Wednesday, June 13, 2018

Of Popcorn and Paragraphs

Right now, I'm a little over halfway through my super-fast summer film class. Personally, I would prefer a slower-paced class spread out over the 10-week summer session that met in person and used a textbook, but we work with what we have.

I am often asked, "Film class? You mean, like movies? And you can get (pause to sneer) college credit for that?" The snark is thick.

Sigh. It's hard to be civil sometimes.

Yes, college credit. Yes, you watch movies. And you also write about them, Jack! By that, I don't mean the fanboy screeds that occasionally drive actors off Twitter, nor am I satisfied with plot summaries from I expect - even in this turbo-paced class - students to pick up a few basics of actual criticism. In fact, it's closer to the truth to think of my Intro to Film class as a literature class, only using celluloid instead of paper. (OK, OK, everything's actually digitized these days, The point remains.)

Students learn how to write an actual compare/contrast essay - which is harder than many students think it is. All too often, on the first assignment (which isn't worth that many points for this very reason) students basically structure their essay as "This happened in Film A. This happened in Film B" and then end it, sincerely thinking that they've created a compare/contrast.

It both is and isn't their fault.
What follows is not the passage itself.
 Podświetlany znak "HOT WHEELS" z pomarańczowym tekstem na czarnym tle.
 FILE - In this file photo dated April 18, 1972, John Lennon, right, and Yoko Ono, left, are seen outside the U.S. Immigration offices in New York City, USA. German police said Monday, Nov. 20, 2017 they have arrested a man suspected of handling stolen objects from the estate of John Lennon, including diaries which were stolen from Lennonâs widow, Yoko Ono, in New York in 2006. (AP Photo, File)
Writing is hard to teach and harder still to grade and nigh impossible to grade fast, so it isn't a skill covered on most standardized tests and in this world of high-stakes testing that has about one-third of high schoolers on some form of anxiety, mood stabilizing, and/or depression medication, if it ain't tested, we don't have time to teach it. Let the colleges worry about that!

I don't blame the high schools, either. Everyone is trying to do the best they can, but the inmates are running the educational asylums right now.

I haven't tried this pairing yet, but one day . . . 
At any rate, I deal with a LOT of students who are quite bright, but don't trust their own thoughts and ideas. They've been taught for years how to take a standardized test, but essay writing befuddles them and asking them to stake out their own opinions and support them is practically a foreign language (something else we wait years too long to begin teaching, but I digress). Movies are a less intimidating "in" to formalized writing for many of these students and most of them pick up the knack very quickly once they begin to trust that their ideas aren't going to be shot down as "wrong."

They also are exposed to different genres of film that they may not have ever experienced. They learn about the Bechdel Test, they have a chance to prove to me that they can pass the Turing Test (see, these are the kinds of "tests" I prefer to standard "bubble sheet" thingamabobs), and they learn to search for criticism as opposed to quick reviews.

Yes, I think it's a valid class. You ought to take it one day.